According to different attribute types and in combination with the area where the accuracy is located, a suitable dirty data detection scheme is recommended, and specific examples thereof are as follows: for example, the data item 'identification card number' in the train ticket booking information table, the accuracy is set as: 98%, the regulation rule is "detection not required"; 50% -98%, and the regulation rule is 'detection execution'; < 50%, the regulation rule is "stop warehousing";

meanwhile, the historical accuracy and the current accuracy of the data item are considered, and a proper dirty data detection scheme is recommended by taking the lowest value of the two values as a reference, and the specific example is as follows: the accuracy of the current time is 99%, the history is 79%, and the low value of 79% is taken to adjust the detection scheme, so that the obtained adjustment rule is 'execution detection'.
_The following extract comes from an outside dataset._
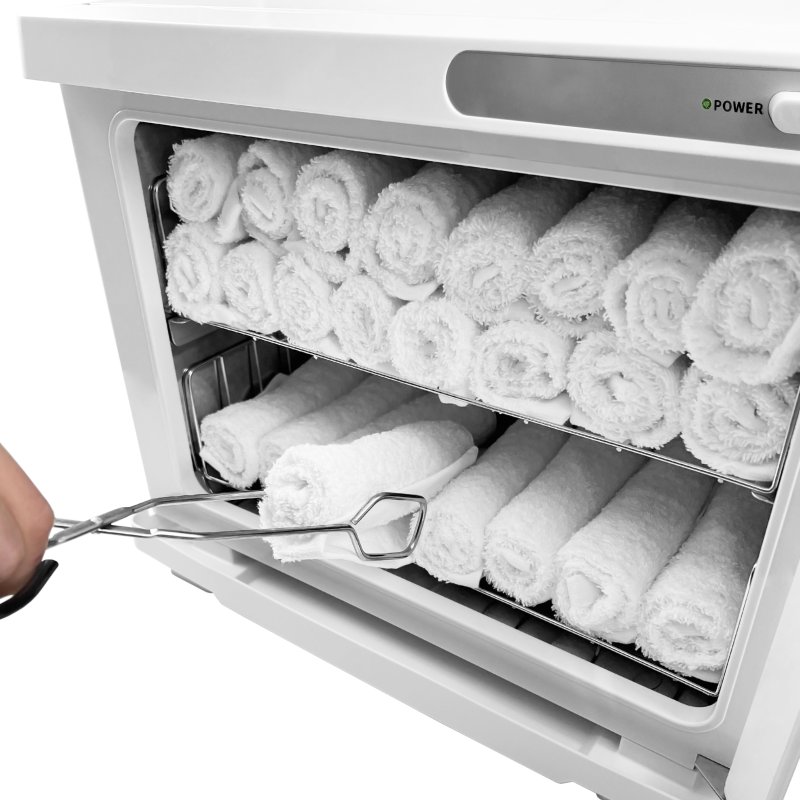 Hot Towel Warmer White 23L Cabinet Heater UV Steriliser Disinfection Facial Salon Beauty Spa Gym Bathroom Home Equipment Stainless Steel Electric 2 Removable Shelves Drip Tray 200W 2 x FREE Tongs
The specific algorithm for adjusting the detection scheme 602 is described as follows: traversing the set S { i (i) according to the standard field BZZD [ S ]. field attribute name of the characteristic rule table, and acquiring the historical accuracy PreZZQL ═ ZZQL of the characteristic rule table; ② obtaining a final accuracy ZZQL ═ Min (PreZZQL, [ S ]. CurZZQL); and thirdly, according to the standard field of the detection scheme adjustment rule base, the field attribute name, the initial proportion of the detection scheme adjustment rule base, the ZZQL, and the final proportion of the detection scheme adjustment rule base, obtaining an execution detection scheme ZCHA, the execution scheme of the detection scheme adjustment rule base, and storing the execution scheme into a set S.

Save detection scheme 603: the core of the algorithm is to execute a detection scheme of data items according to the set S; and the analysis result of the S is collected and written back to the characteristic rule base, the execution sequence of the dirty data detection engine of the data item is dynamically adjusted, for example, the identification card number, two detection engines (respectively aiming at the detection of 15-bit identification card numbers and 18-bit identification card numbers) are provided, if the final detection result is that the ratio of the accuracy of the 18-bit identification card is larger, the detection engine is adjusted to execute the 18-bit identification card number preferentially, so that the detection efficiency can be improved, and the consumption of operation resources is reduced.

FIG. 7 illustrates a block diagram of a system for dirty data detection, in accordance with an embodiment of the present invention. The system comprises an attribute normalization module 701, an attribute feature analysis module 702, a detection scheme matching module 703, a dirty data proportion calculation module 704 and a detection scheme adjustment module 705.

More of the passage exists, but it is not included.